**RECORD SET**
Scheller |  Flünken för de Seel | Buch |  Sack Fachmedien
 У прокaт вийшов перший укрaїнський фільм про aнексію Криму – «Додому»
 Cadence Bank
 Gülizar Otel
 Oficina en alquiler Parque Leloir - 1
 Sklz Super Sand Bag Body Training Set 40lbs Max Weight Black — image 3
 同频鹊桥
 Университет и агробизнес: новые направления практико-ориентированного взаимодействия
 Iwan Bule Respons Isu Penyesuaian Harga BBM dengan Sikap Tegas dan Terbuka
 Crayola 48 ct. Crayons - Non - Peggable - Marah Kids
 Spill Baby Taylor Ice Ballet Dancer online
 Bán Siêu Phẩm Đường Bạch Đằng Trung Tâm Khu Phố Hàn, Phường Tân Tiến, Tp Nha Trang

**WHAT YOU WILL DO**
The full set of entries must be restated exactly, with none omitted.

**REPLY TO THE EXERCISE**
Scheller |  Flünken för de Seel | Buch |  Sack Fachmedien
 У прокaт вийшов перший укрaїнський фільм про aнексію Криму – «Додому»
 Cadence Bank
 Gülizar Otel
 Oficina en alquiler Parque Leloir - 1
 Sklz Super Sand Bag Body Training Set 40lbs Max Weight Black — image 3
 同频鹊桥
 Университет и агробизнес: новые направления практико-ориентированного взаимодействия
 Iwan Bule Respons Isu Penyesuaian Harga BBM dengan Sikap Tegas dan Terbuka
 Crayola 48 ct. Crayons - Non - Peggable - Marah Kids
 Spill Baby Taylor Ice Ballet Dancer online
 Bán Siêu Phẩm Đường Bạch Đằng Trung Tâm Khu Phố Hàn, Phường Tân Tiến, Tp Nha Trang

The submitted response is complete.